Generally speaking, the more repetitive patterns that exist in data rows, the better your compression rates will be. If your data does not contain repetitive strings, as might be the case if you have mainly numeric data, or include inline BLOB data, compression might not yield as much in the way of storage savings. In addition, when data does not compress well, you still incur the performance impact of the database manager attempting to compress data, only to find that the storage benefits are not worth retaining any compression dictionaries. To check on the possible storage savings that you can achieve with compression, use the ADMIN_GET_TAB_COMPRESS_INFO table function.

Two forms of data compression are available:
Row compression
There are two types of row compression available:
Classic row compression
Classic row compression involves replacing repeating patterns that span multiple column values within a row with shorter symbol strings. A sampling of rows are scanned to find instances of repetitive data. From this scan, a table-level compression dictionary is created. This dictionary is used to replace the repetitive data with shorter symbol strings.
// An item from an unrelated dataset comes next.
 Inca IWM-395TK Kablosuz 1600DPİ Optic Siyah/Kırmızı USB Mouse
Table-level compression dictionaries are static; after they are first created, they do not change unless you rebuild them during a classic table reorganization.

Adaptive row compression
Adaptive row compression involves the use of two compression approaches: classic row compression and page-level compression. Page-level compression involves replacing repeating patterns that span multiple column values within a single page of data with shorter symbol strings. As a page fills with data, page compression logic scans the page for repetitive data. From this scan, a page-level compression dictionary is created. This dictionary is used to replace the repetitive data with shorter symbol strings.
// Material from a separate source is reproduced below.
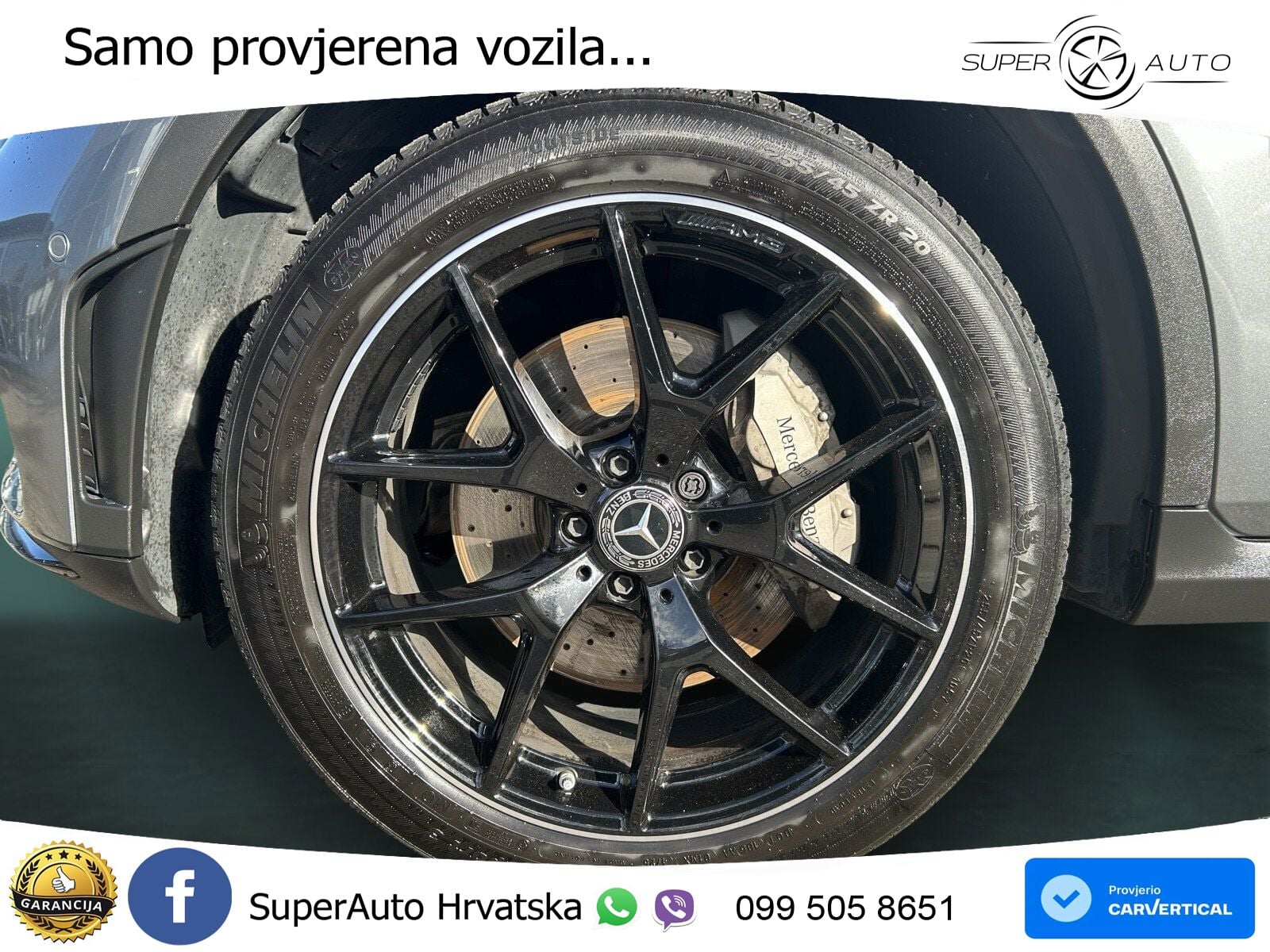 Mercedes GLC 200 (197 KS) 4MATIC G-TRONIC AMG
Page-level dictionaries are dynamic; they are rebuilt automatically if necessary.

Value compression
Value compression involves removing duplicate entries for a value, storing only one copy, and keeping track of the location of any references to the stored value.

Row compression is also used for temporary tables. Compressing temporary tables reduces the amount of temporary disk space that is required for large and complex queries, thus increasing query performance. Compression for temporary tables is enabled automatically under the Db2® Storage Optimization Feature. Each temporary table that is eligible for row compression requires an additional 2 - 3 MB of memory for the creation of its compression dictionary. This memory remains allocated until the compression dictionary has been created.
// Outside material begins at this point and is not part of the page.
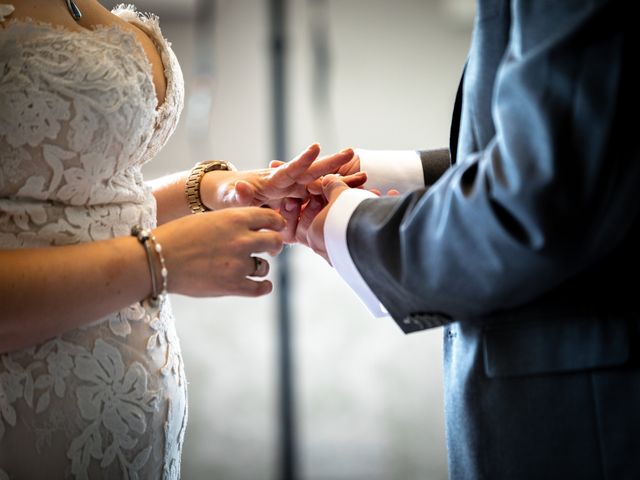 Kev and Heidi's Wedding in Market Weighton, East Riding of Yorkshire 34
You can also compress index objects, which reduces storage costs. This kind of compression is especially useful for large online transaction processing (OLTP) and data warehouse environments, where it is common to have many very large indexes. In both of these cases, index compression can significantly improve performance in I/O-bound environments while causing little or no performance degradation in CPU-bound environments.

If you enable compression on a table with an XML column, the XML data that is stored in the XDA object is also compressed. A separate compression dictionary for the XML data is stored in the XDA object. If you use Db2 Version 9.7 or later to add XML columns to a table created using Db2 Version 9.5, these XML columns are compressed. However, XML columns added to a table using Db2 Version 9.5 are not compressed; in such tables, only the data object is compressed.